» **DATA FOR PROCESSING**
-=-=-=-=-

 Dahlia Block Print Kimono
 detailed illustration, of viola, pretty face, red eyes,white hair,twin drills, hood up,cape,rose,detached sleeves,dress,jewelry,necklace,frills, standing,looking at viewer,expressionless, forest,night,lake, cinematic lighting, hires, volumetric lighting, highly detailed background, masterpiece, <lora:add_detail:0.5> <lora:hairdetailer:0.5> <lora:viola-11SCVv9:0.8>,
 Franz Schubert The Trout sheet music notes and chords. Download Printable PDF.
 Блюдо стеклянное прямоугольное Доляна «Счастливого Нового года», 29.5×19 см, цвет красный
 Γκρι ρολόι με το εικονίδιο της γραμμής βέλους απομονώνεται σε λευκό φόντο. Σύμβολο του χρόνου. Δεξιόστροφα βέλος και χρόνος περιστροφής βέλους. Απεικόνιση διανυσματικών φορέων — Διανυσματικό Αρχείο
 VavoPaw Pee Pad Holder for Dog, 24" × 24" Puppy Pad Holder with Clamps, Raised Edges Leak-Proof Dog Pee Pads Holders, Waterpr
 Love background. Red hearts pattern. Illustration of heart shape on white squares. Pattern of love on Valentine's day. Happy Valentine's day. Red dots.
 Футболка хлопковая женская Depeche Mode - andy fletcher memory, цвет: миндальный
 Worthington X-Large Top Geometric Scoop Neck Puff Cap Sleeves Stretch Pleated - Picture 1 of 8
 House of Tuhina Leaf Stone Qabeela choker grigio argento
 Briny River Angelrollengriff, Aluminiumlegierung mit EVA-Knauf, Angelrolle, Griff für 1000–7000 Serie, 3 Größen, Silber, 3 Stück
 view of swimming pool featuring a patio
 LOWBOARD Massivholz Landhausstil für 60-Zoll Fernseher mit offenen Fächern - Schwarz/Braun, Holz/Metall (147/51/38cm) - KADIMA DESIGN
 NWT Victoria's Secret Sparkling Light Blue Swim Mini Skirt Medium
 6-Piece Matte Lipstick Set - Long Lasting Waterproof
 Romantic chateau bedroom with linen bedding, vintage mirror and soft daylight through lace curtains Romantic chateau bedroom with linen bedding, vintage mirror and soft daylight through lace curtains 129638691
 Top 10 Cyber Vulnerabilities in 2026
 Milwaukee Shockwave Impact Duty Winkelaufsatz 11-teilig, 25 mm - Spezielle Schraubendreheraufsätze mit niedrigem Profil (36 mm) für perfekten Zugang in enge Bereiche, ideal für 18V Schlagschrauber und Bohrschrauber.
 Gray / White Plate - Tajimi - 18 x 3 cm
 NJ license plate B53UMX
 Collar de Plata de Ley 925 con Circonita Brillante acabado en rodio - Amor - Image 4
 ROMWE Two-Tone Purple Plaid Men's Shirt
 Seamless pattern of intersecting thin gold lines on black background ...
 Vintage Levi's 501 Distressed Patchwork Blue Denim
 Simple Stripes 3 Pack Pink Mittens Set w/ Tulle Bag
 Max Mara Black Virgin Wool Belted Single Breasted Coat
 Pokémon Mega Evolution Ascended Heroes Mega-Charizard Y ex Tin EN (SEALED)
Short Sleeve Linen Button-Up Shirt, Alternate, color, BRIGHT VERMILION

-=-=-=-=-

» **DIRECTIONS**
In the listing above, find the line with "Блюдо стеклянное прямоугольное" and the line with "House of Tuhina", then reproduce both and every line between them exactly.

» **COMPLETED TASK**
 Блюдо стеклянное прямоугольное Доляна «Счастливого Нового года», 29.5×19 см, цвет красный
 Γκρι ρολόι με το εικονίδιο της γραμμής βέλους απομονώνεται σε λευκό φόντο. Σύμβολο του χρόνου. Δεξιόστροφα βέλος και χρόνος περιστροφής βέλους. Απεικόνιση διανυσματικών φορέων — Διανυσματικό Αρχείο
 VavoPaw Pee Pad Holder for Dog, 24" × 24" Puppy Pad Holder with Clamps, Raised Edges Leak-Proof Dog Pee Pads Holders, Waterpr
 Love background. Red hearts pattern. Illustration of heart shape on white squares. Pattern of love on Valentine's day. Happy Valentine's day. Red dots.
 Футболка хлопковая женская Depeche Mode - andy fletcher memory, цвет: миндальный
 Worthington X-Large Top Geometric Scoop Neck Puff Cap Sleeves Stretch Pleated - Picture 1 of 8
 House of Tuhina Leaf Stone Qabeela choker grigio argento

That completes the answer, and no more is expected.